I understand the need for a teacher with a classroom of 20 first grade students to have some sort of order, some peace and some quiet.
But this is MY CHILD, my 6 year old child, and I want him to be himself. I don't want to drug him into being another version of himself. I want him to be his true self. The wonderful little boy that I gave birth to...that adorable little boy whose first words were Mamma and Dadda ~ the two people that love him and trust in him no matter what. The little guy that used to say, "What's that? A Cow?" The smart and honest boy who says things like, "I'm telling you the truth mommy. It's true that I have lied in the past, but I am telling you the truth now!" (When we were on the way to a Dr. appointment and I was telling a Grandma that Jack was telling me that he was feeling better....) Or when I was asking him a bunch of questions trying to get an answer to a question I didn't want to ask, he stops me and says, "Uh, Mom, I know you are enjoying this little game of twenty questions, but I am really tired and just want to go to sleep."

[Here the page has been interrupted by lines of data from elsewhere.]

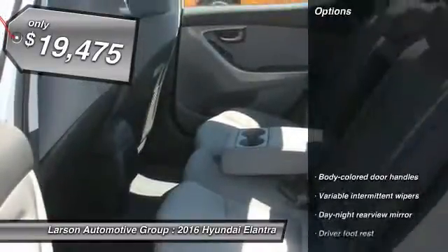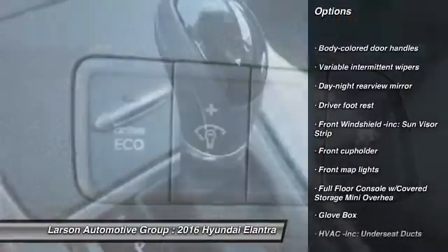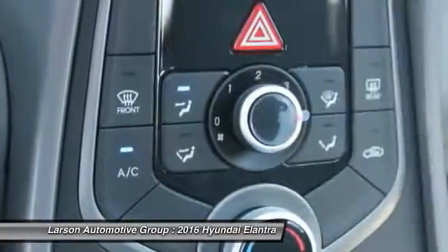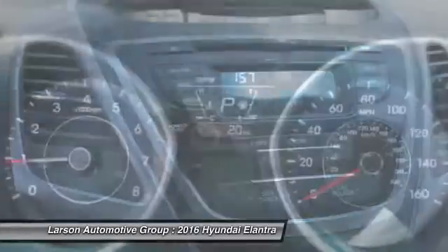Here are some of this vehicle's great options: anti-lock braking system, adjustable steering wheel, power steering, air conditioning, front wheel drive, cruise control, four wheel disc brakes, and rear defrost.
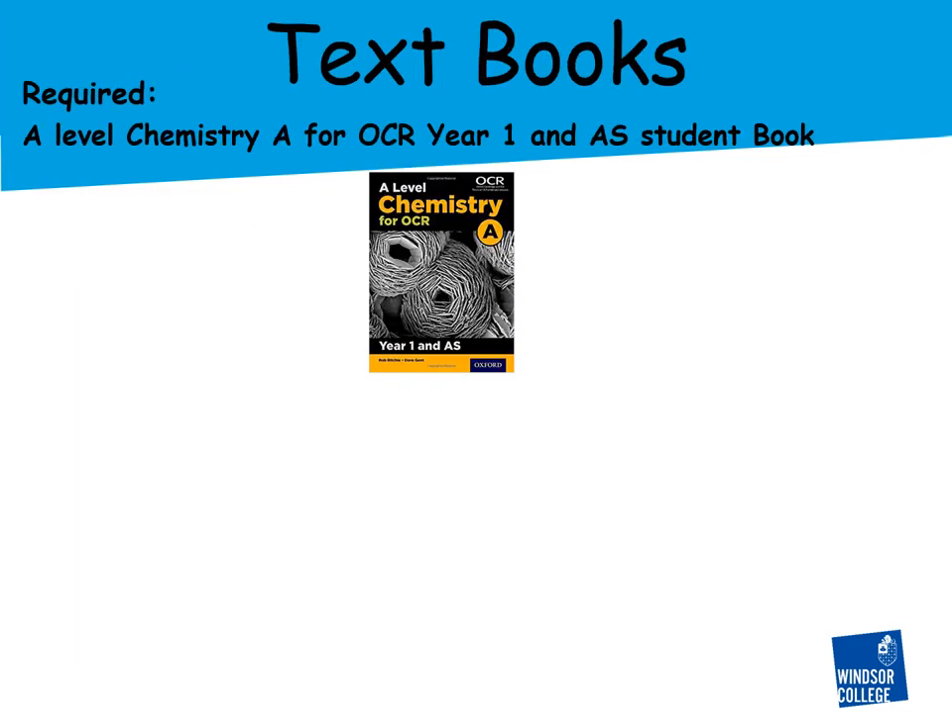As far as textbooks are concerned, the textbook used at Windsor College is the A-level Chemistry for OCR published by Oxford University Press. There are three versions of this book: the year one version, which covers everything you need for year one; the year two version, which covers the year two topics; or a combined version that has both year one and year two in it.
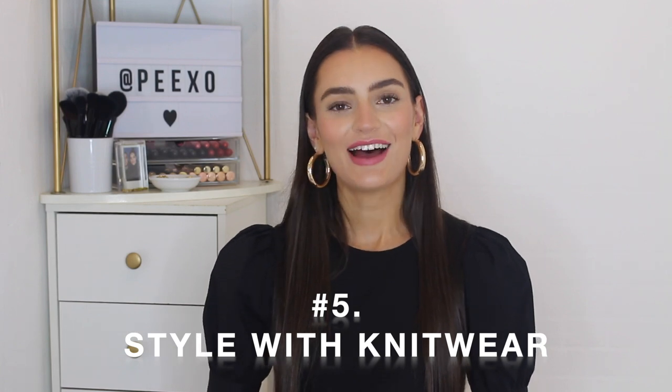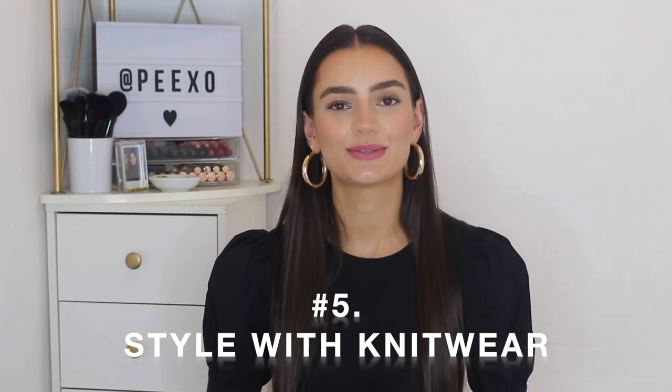Styling tip number five is to style with knitwear — last but by no means least, this one is for autumn and winter. First up I have a repeat outfit, just to quickly go through it: a black jumper, black skinny jeans, and then my white loafers. It looks so nice with a jumper. I really like how the coziness of a knit looks compared with the loafers, which can sometimes look a bit harsher and more like workwear, whereas a big chunky cozy knit gives very much autumnal winter vibes.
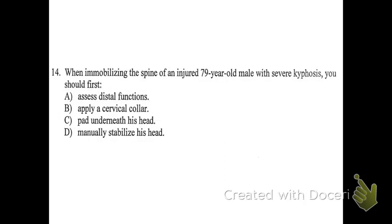Number fourteen: when immobilizing the spine of an injured 79-year-old male with severe kyphosis, what should you do first? Kyphosis is a spine that is hunched forward. However, for the sake of immobilizing a spine, the very first step should be the same regardless of your patient. The answer is D: manually stabilize the head. You would then assess distal functions and apply a cervical collar if it fits properly. The detail about severe kyphosis is there to distract you from what you already know to do for any patient.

I don't want my child to just be seen. I want him to be heard. He has such wonderful things to say.
Tonight I told him that he is better and he has no need to be ashamed. I will continue to tell him that. And I know that I will be a better mom for it with nothing to be ashamed of!
Love your child because he is your child. He is unlike any other and, for that, he should be loved for who he is, not for what he is expected to be.